As much as these pronouncements may be treated as sacred truths though, the fact remains that these are only possible interpretations. There is a need to emphasize this tentative nature of these pronouncements for a variety of reasons. The first is the practical, there is no possible way that one can state with certainty that this particular election result was a vote in favour of the Congress. This is true especially in the Goan scenario where there is really no choice between who is going to rob you senseless and sell out your interests, and where one might as well play tic-tac-toe and determine who you will vote for. The second is the more crucial in that these interpretations of election results are used in fact to deprive the people of a say in decision-making that will have a crucial impact on their future. Thus for example, Sardinha’s victory could be taken to be the approval of the people in favour of SEZs and the opposition to it the voice of a minority. The mere fact of an election, and a pronouncement by the - invariably status-quoist – media ensures to deprive the operation of the State of democratic content. If these interpretations cannot be considered the voice of the people, how then are we to determine this voice?

The answer lies partially in reevaluating CM Kamat’s statement, “Whatever decision has to be taken will be in the interest of Goa”. Who and what is this Goa? Does Goa reside at some abstract central (pun entirely intended) level or at the local level at which even the slightest changes – impoverishment as a result of a grandiose developmental schemes for example- are more dramatically felt and are best responded to? Very clearly if we are sincere about the “interest of Goa” then we need to identify this interest at the point it is most vulnerable at; the village and the city ward.

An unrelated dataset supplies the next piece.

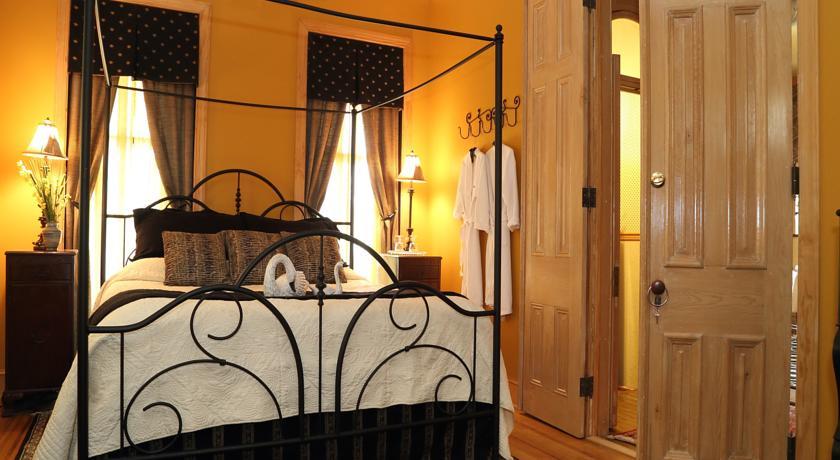 Adamstown Amethyst Inn الغرفة الصورة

Unfortunately despite a Constitutional mandate to continuously consult the local, vested political interests in most parts of India have ensured that this truly democratic vision is not realized. Take for example the classic case of the Regional Plan where the Goan articulated her interest but is now being frustrated from realizing it. They wished their voice to be heard in the planning process and this is being ‘considered’ under the provisions of the Town and Country Planning Act. And this is where the fraud lies. The Town and Country Planning Act (TCP) is quite clearly unconstitutional given that it flies in the face of the democratic requirements of the 73rd and 74th amendments to the Constitution. The TCP has no provision for a positive role for the citizen participation the way it stands now. It conceptualizes the citizen in vague terms such as “the public”. Furthermore, this “public” can only bring objections to the plan, thus casting the citizen as essentially a negative player in the process that can be effectively realized only through ‘experts’. Further, the Act places no burden on these experts to go and understand the local scenarios that crucially impact on plans by talking with the citizen and learning from them. On the contrary, the citizen is expected to trek to a governmental office to examine a Plan that is written in a language understood only by experts. Where then is the capacity to hear the voice of the people when it is not allowed an opportunity to coherently articulate itself?

If this Government is serious about being with the people then its first act, following this election, would be to halt the deeply flawed and duplicitous process of framing the new Regional Plan. It needs to scrap the existing TCP and formulate a planning Act that takes into consideration Constitutional mandates and allows for the voice of the people to be coherently articulated, not merely interpreted by unaccountable minions of the status quo.